Когда вспоминаешь некоторые из таких прошлых спектаклей, то с теперешней точки зрения они, конечно, кажутся недостаточ­но серьезными не только из-за архаичной формы, но и по своей общей концепции.

Хотя, конечно, я множество раз слушал пластинку «Отелло» с Остужевым и был под впечатлением его игры. Три раза смотрел грузинский спектакль с Хоравой, видел и другие хорошие спек­такли. Таких трагиков теперь и нет-то. Но всему, наверное, свое время. Нет трагиков, но на смену пришел театр другого свойства, где, быть может, особенно важно общее построение.

Правда, не так-то легко в сегодняшний небольшой, компакт­ный спектакль уложить всю огромность шекспировской пьесы, чтобы и не пропало ничего, но притом справиться с этой разбро­санностью, с этим хаосом, за которым часто не улавливаешь серь­езную философию.

Сохранить всю эту ершистость, но еще к тому же так все спо­койно и ясно вычертить, чтобы ни у кого не рождались сомнения, про что это и зачем.

Конечно, хочется уже с самого начала заставить актеров иг­рать темпераментно и по-шекспировски закрутить действие.

И все же очень ясная идея ничем не должна заглушаться.

Вот они сидят, все эти люди. У каждого своя жизнь, свои беды и радости, но всех, в общем, объединяет одно стремление к мир­ной жизни, любви, счастью и т.д. и т.п. И вот от этих людей отде­ляется человек и еще его приятель, и они смотрят на всех этих людей, и особенно на того, кто сидит в центре, смотрят со злобой и завистью ущемленных посредственностей. Однако, разумеется, они не отдают себе отчета в своей неполноценности. Их самоза­щитой являются даже некие «принципы». Им кажется, что у них есть вполне веские основания не любить Отелло. Эти веские ос­нования ими формулируются. Начинается интрига. И мы видим все нити этой интриги, и кто как в эту интригу попадается — тоже видно.

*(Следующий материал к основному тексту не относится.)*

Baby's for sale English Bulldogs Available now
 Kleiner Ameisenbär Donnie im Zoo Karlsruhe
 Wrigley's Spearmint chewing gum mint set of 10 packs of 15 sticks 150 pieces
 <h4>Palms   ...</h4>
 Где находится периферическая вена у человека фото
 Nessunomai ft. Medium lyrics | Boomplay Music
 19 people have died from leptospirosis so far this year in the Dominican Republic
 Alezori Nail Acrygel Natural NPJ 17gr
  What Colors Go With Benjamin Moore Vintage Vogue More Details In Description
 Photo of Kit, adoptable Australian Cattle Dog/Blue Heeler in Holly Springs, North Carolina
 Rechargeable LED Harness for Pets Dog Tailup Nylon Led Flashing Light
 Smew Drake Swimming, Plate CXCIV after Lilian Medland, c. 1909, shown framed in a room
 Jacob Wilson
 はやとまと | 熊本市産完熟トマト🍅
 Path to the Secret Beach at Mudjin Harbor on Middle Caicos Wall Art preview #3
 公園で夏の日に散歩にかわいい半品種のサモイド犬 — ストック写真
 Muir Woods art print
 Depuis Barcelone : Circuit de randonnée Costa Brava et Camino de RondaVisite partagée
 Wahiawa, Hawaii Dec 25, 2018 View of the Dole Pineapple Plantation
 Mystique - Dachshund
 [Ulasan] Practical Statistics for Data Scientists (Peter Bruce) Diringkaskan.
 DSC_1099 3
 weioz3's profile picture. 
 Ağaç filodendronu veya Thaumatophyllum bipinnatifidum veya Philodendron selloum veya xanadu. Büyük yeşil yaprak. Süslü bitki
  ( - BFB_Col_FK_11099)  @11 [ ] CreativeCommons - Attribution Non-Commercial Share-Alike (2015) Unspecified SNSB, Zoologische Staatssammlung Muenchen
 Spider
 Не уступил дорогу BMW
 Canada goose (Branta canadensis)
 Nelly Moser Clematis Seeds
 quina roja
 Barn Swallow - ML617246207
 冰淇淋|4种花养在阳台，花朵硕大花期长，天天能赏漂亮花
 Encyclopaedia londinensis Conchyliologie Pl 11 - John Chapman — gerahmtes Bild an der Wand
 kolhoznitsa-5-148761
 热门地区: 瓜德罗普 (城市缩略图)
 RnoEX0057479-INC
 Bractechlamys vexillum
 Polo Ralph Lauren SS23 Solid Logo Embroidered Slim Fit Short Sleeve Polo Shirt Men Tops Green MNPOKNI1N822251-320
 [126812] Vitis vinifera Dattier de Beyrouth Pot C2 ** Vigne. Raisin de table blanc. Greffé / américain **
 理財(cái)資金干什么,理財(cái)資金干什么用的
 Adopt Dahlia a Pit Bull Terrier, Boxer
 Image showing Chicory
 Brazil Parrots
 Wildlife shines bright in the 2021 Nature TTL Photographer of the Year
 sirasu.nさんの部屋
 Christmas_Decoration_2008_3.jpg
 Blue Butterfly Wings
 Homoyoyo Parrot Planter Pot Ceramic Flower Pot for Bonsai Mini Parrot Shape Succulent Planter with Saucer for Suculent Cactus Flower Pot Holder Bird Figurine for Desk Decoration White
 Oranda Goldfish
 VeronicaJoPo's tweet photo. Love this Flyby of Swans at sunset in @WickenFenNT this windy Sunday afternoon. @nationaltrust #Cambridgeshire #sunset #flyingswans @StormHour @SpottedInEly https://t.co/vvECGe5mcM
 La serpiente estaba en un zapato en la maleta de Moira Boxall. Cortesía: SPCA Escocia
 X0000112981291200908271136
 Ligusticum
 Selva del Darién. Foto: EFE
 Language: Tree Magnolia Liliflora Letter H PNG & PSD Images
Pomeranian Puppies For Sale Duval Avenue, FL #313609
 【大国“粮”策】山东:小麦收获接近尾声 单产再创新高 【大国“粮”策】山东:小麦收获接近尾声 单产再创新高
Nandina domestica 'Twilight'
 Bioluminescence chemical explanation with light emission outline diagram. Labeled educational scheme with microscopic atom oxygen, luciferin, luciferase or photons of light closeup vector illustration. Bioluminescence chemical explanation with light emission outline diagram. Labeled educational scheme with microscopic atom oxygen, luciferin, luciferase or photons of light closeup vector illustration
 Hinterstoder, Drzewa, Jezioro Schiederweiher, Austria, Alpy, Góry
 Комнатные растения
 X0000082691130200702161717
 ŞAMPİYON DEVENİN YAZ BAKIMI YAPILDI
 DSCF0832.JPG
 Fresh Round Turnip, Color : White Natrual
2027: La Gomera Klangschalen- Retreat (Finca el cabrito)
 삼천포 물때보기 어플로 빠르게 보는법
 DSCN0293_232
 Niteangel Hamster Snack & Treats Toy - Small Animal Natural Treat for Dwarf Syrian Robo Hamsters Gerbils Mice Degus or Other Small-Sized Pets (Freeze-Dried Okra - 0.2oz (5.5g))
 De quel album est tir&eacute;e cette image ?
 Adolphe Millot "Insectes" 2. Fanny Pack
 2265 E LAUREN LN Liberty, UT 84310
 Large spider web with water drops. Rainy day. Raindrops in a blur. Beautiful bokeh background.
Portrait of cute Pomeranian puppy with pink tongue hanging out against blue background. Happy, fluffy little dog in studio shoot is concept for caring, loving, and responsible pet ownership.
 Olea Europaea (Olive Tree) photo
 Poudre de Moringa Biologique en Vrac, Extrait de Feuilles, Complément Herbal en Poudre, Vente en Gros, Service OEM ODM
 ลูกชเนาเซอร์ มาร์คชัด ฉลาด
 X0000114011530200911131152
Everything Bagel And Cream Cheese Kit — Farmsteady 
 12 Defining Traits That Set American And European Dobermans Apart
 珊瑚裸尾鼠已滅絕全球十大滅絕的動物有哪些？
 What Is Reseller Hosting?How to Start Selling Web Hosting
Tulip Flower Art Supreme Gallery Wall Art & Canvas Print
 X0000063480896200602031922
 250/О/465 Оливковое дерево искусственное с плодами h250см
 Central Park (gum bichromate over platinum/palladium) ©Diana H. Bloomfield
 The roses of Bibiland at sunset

Конечно, Шекспир темпераментен, но если у темпераментно­го человека нет при всем том достаточно спокойного и глубокого содержания, он, быть может, еще не Шекспир.


Яго научил Кассио прибегнуть к помощи Дездемоны. Через нее добиться у генерала прощения за вчерашнюю пьянку.

Теперь, увидя вышедшего от Дездемоны Кассио, Яго начинает действовать.

Он представляет дело так: его генерал — человек доверчивый и добрый, христосик. Быть подлинным помощником такого на­чальника — значит стать его зоркостью, его подозрительностью, его полезным недоверием ко всему. Яго как бы диктует Отелло такие взаимоотношения между ним и собой. У тебя, мол, важные дела, а я всего лишь твой телохранитель, ты можешь быть беспе­чен в отношении самого себя, но моя обязанность — как раз ох­ранять твою личную безопасность. Я не стану скрывать и прятать от тебя своих подозрений, если они касаются твоей безопасности.

И вот он сразу, не таясь, честно, прямо, резко начинает гово­рить Отелло о своем беспокойстве, связанном с этим внезапным появлением Кассио.